Deploying to Umbraco Cloud
A quick and easy test would be to change the output of a template so you can visibly see the change pushed.
- Go ahead and make a change to your home page template
- Run your site locally with your web application project and make sure the change is visible there
- Commit this change to your source control Git repository
- Create and push a release tag on this commit. For example, the tag name could be: “release-v1.0.0-beta01” … whatever suites your needs but based on the YAML script it needs to start with “release-“
Now you can sit back and watch Azure Pipelines build your solution and push it to Umbraco Cloud. Since this is a multi-stage pipeline, the result will look like:
And you should see a log output like this on the Deploy stage
Whoohoo! Automated deployments to Umbraco Cloud using Web Application Projects.
What about auto-upgrades?
All we’ve talked about so far is a one-way push to Umbraco Cloud but one thing we know and love about Umbraco Cloud is the automated upgrade process. So how do we deal with that? I actually have this working on my site but want to make the process even simpler so you’re going to have to be patient and wait for another blog post :)

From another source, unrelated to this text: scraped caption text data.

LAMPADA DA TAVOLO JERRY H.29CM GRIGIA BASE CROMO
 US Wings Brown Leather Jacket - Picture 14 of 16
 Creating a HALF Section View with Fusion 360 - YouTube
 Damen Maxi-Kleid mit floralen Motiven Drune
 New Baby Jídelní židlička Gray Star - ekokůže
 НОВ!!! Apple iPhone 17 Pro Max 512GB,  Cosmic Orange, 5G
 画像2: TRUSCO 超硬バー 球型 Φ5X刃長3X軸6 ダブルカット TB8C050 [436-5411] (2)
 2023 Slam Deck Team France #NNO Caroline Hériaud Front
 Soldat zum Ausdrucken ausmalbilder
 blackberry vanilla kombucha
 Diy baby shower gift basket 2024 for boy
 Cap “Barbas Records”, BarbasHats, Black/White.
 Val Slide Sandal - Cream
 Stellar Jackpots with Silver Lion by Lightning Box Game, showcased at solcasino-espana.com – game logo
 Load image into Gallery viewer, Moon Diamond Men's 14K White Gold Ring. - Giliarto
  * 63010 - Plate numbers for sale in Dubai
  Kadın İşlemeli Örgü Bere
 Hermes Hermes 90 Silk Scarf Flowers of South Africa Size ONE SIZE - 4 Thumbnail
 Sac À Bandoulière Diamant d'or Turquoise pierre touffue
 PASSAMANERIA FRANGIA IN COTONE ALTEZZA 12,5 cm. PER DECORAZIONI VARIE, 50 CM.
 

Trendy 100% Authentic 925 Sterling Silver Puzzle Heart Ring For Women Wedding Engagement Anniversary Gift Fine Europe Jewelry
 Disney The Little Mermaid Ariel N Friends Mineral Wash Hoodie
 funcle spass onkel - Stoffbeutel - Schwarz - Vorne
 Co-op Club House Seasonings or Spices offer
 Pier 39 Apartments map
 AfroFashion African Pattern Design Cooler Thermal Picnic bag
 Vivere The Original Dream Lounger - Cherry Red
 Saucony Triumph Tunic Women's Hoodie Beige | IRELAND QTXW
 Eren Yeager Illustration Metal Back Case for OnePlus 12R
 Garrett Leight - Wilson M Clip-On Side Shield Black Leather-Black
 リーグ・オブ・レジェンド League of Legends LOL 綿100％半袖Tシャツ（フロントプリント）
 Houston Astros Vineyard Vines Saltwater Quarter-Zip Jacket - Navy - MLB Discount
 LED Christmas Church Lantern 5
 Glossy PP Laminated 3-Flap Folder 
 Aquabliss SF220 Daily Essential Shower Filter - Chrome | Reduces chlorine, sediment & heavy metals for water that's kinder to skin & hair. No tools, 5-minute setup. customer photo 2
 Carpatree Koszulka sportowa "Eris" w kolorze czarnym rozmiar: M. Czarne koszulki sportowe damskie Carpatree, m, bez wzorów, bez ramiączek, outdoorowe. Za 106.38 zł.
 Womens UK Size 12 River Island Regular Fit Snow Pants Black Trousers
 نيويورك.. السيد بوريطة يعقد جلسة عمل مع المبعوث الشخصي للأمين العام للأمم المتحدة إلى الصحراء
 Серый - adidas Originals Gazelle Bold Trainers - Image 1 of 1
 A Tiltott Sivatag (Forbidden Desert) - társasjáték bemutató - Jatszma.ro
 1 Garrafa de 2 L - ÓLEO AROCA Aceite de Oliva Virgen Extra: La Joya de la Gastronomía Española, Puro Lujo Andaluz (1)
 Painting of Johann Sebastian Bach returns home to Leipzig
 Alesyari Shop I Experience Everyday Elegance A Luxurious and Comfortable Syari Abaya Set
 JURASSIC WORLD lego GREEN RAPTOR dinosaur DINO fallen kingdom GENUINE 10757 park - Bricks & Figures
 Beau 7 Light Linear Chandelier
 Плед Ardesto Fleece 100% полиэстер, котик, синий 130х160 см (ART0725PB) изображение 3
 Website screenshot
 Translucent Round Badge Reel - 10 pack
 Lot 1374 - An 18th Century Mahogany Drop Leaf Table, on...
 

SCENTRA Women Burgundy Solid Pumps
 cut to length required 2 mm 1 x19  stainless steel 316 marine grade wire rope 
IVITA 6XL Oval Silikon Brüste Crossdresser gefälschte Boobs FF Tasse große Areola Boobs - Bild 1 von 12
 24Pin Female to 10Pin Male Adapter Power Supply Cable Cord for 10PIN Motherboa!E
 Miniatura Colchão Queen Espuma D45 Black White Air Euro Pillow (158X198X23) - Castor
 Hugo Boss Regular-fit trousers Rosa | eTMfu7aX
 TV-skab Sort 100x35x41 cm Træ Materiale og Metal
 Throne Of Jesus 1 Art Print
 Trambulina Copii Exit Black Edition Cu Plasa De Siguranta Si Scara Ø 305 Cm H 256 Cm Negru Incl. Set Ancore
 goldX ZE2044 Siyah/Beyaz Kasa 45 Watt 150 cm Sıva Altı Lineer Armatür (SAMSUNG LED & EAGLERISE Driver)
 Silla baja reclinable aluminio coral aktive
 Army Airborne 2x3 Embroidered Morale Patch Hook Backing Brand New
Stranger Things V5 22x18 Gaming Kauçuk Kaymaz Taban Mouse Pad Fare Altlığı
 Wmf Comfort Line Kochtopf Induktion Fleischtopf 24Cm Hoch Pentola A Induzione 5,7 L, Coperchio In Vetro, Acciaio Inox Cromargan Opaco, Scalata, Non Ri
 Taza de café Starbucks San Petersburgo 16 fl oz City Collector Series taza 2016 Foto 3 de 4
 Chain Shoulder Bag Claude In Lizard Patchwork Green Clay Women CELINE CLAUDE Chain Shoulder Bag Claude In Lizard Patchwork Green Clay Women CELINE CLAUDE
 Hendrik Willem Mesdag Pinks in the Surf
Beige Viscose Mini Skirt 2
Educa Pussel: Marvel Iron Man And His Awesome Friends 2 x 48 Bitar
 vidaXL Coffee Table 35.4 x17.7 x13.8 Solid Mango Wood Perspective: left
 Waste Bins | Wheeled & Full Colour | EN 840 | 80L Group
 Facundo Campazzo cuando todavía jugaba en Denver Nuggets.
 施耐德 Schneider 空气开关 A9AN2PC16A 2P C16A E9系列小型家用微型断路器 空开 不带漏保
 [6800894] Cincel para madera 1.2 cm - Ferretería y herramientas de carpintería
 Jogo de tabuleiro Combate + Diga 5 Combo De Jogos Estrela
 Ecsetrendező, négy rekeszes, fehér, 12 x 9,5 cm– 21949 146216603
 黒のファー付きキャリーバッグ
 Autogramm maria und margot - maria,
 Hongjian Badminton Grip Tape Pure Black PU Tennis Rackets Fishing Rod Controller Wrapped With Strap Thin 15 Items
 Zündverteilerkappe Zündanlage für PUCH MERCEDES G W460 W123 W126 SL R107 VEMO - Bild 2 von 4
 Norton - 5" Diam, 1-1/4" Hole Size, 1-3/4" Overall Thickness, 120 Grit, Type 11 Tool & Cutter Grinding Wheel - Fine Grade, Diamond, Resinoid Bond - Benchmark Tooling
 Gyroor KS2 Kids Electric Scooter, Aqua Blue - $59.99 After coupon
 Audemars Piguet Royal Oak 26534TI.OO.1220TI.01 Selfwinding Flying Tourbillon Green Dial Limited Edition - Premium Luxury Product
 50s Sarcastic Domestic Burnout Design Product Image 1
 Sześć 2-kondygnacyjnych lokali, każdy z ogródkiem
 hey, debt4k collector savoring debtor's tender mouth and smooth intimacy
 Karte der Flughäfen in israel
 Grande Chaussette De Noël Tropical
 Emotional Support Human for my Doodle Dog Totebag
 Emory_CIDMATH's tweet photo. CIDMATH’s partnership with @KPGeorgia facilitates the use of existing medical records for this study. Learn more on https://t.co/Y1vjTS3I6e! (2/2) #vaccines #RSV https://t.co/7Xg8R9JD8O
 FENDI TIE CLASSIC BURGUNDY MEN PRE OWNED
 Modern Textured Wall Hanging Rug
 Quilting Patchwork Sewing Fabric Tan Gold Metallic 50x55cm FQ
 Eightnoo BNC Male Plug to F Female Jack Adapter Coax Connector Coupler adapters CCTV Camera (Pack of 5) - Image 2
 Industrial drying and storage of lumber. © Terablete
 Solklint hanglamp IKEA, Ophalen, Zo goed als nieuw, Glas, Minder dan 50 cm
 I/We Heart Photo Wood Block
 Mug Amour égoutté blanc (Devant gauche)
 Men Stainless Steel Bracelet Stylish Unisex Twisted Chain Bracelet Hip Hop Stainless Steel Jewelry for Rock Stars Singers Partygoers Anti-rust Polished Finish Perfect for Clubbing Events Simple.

The way it works is also using Azure Pipelines. Using a separate pipeline with a custom Git repo pointed at your Umbraco Cloud repository, this pipeline can be configured to poll for changes every day (or more often if you like). It then checks if changes have been made to the packages.config file to see if there’s been upgrades made to either the CMS, Forms or Deploy (in another solution I’m actually polling Nuget directly for this information). If an upgrade has been made, It clones down your source code repository, runs a Nuget update command to upgrade your solution. Then it creates a new branch, commits these changes, pushes it back GitHub and creates a Pull Request (currently this only works for GitHub).
This same solution can be used for Deploy files in case administrators are changing schema items directly on Umbraco Cloud so the /deploy/* files can be automatically kept in sync with your source code repository.
This idea is entirely inspired by Morten Christensen, thanks Morten! Hopefully I’ll find some time to finalize this.